My dual formulation is essentially correct. Though there are some modifications that Gert and I spoke of that I will need to include regarding how the cardinality constraints are introduced. So that means that I will be going back to the pencil and paper and crunching out a little bit more math.

Right now I need to get some data off our servers and onto my lap top because i'm going to be out of town the next 2 weeks and I'd like to start some demo experiments with our audio data. I'm pretty sure I can get at least a good 4 hours of work in each day. Most of my friends back in town are back in school, so its not like i'll be very distracted on weekdays.

Links: Mathematical Solvers

Here are some links to some mathematical solvers I'll be needing.
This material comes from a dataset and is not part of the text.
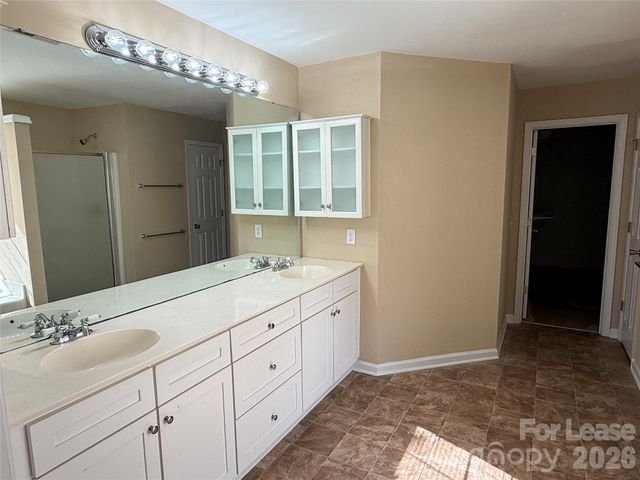 7501 Lady Bank Drive, Charlotte, NC 28269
• MOSEK (www.mosek.com) - used to solve quadratically constrained quadratic problems, conic quadratic problems, and general convex nonlinear problems. It contains interfaces for C/C++, .NET and Java and comes with a toolbox for use in MATLAB. A temporary license is available for students.
  
  
• SeDuMi (sedumi.mcmaster.ca) Hehe, so do me! Lol. Anyway, SeDuMi is a Semi-Defninite Program solver and Second Order Cone Program solver. It's a MATLAB toolbox. It is available under the GNU free public licence.
  

CCA matlab code

The following code performs CCA analysis. Inputs are the data matricies X and Y, with one data point per row. The output is the directions of maximum correlation wx and wy, i.e., those values that maximize the value (X*wx)'*(Y*wy)

%Start CCA:

%calculate covariance matricies
Sxx = X'*X ;
Syy = Y'*Y ;
Syx = Y'*X ;
Sxy = X'*Y ;

[r c] = size( Sxy );

A = [ zeros(r,c) Sxy; ...
Syx zeros(r,c) ];

B = [ Sxx zeros(r,c); ...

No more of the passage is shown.